BRIEF
Lines from the one with "盐系穿搭休闲时尚运动套装女夏款圆领拼接短袖上衣阔腿长裤两件套图片" through the end of the listing below should be set down exactly, with no other line included.

· · ·

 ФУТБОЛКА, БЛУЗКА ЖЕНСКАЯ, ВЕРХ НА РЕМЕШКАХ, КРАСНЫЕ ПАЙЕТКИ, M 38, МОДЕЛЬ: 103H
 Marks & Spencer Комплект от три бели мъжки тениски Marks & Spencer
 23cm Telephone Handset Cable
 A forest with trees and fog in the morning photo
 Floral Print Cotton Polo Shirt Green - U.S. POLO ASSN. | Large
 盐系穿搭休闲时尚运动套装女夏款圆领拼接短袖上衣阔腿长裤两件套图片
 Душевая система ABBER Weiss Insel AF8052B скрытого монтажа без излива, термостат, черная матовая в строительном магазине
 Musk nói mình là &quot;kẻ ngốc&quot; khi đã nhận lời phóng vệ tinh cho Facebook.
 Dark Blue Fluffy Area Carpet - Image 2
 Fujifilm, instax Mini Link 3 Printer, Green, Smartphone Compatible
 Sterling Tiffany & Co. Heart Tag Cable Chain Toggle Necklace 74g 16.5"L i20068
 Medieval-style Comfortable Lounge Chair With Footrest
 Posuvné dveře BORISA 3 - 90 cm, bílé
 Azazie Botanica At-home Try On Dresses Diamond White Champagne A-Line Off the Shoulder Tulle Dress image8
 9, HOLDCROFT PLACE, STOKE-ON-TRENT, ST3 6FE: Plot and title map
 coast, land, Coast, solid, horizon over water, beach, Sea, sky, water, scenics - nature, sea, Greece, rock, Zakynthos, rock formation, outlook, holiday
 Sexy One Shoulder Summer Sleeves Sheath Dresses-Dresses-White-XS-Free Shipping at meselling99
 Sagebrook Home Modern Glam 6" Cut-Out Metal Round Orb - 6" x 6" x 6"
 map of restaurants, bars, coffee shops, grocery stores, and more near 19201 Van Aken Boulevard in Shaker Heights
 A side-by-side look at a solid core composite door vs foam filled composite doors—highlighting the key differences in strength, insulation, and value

· · ·

FINAL ANSWER
 盐系穿搭休闲时尚运动套装女夏款圆领拼接短袖上衣阔腿长裤两件套图片
 Душевая система ABBER Weiss Insel AF8052B скрытого монтажа без излива, термостат, черная матовая в строительном магазине
 Musk nói mình là &quot;kẻ ngốc&quot; khi đã nhận lời phóng vệ tinh cho Facebook.
 Dark Blue Fluffy Area Carpet - Image 2
 Fujifilm, instax Mini Link 3 Printer, Green, Smartphone Compatible
 Sterling Tiffany & Co. Heart Tag Cable Chain Toggle Necklace 74g 16.5"L i20068
 Medieval-style Comfortable Lounge Chair With Footrest
 Posuvné dveře BORISA 3 - 90 cm, bílé
 Azazie Botanica At-home Try On Dresses Diamond White Champagne A-Line Off the Shoulder Tulle Dress image8
 9, HOLDCROFT PLACE, STOKE-ON-TRENT, ST3 6FE: Plot and title map
 coast, land, Coast, solid, horizon over water, beach, Sea, sky, water, scenics - nature, sea, Greece, rock, Zakynthos, rock formation, outlook, holiday
 Sexy One Shoulder Summer Sleeves Sheath Dresses-Dresses-White-XS-Free Shipping at meselling99
 Sagebrook Home Modern Glam 6" Cut-Out Metal Round Orb - 6" x 6" x 6"
 map of restaurants, bars, coffee shops, grocery stores, and more near 19201 Van Aken Boulevard in Shaker Heights
 A side-by-side look at a solid core composite door vs foam filled composite doors—highlighting the key differences in strength, insulation, and value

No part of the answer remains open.